Instructions for the task: All lines below between the line with "Currey & Company" and the line with "Leinwandbild zartes korallenfarbenes", including both, must be copied exactly, and the pictures must be omitted.

Given information:

§

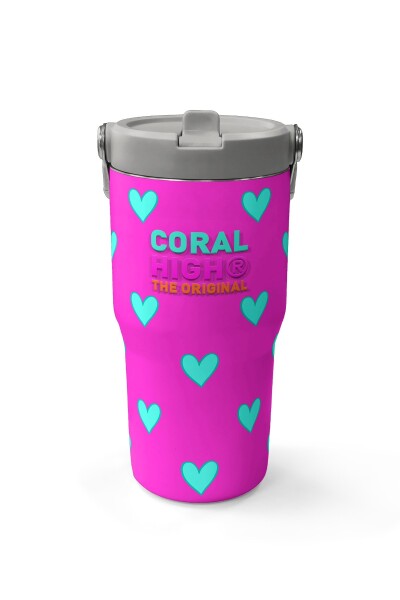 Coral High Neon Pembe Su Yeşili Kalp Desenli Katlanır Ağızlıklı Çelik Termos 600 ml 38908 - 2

§

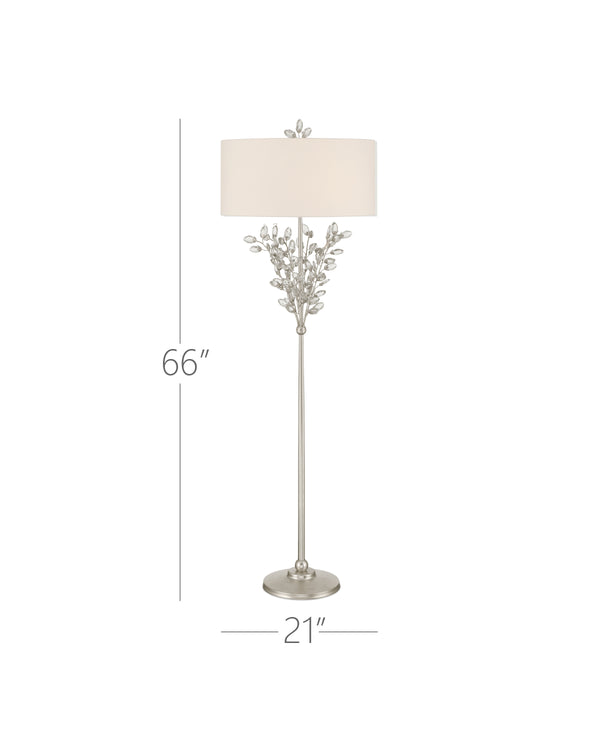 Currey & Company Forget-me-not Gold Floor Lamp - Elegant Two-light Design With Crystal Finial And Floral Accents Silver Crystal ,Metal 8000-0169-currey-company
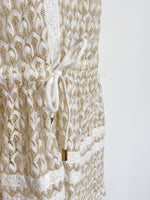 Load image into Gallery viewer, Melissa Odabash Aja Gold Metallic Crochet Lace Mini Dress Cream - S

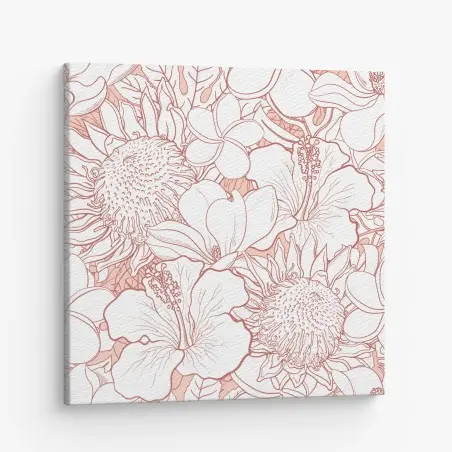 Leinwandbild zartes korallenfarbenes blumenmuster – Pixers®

§

Your response:
 Currey & Company Forget-me-not Gold Floor Lamp - Elegant Two-light Design With Crystal Finial And Floral Accents Silver Crystal ,Metal 8000-0169-currey-company
 Load image into Gallery viewer, Melissa Odabash Aja Gold Metallic Crochet Lace Mini Dress Cream - S

 Leinwandbild zartes korallenfarbenes blumenmuster – Pixers®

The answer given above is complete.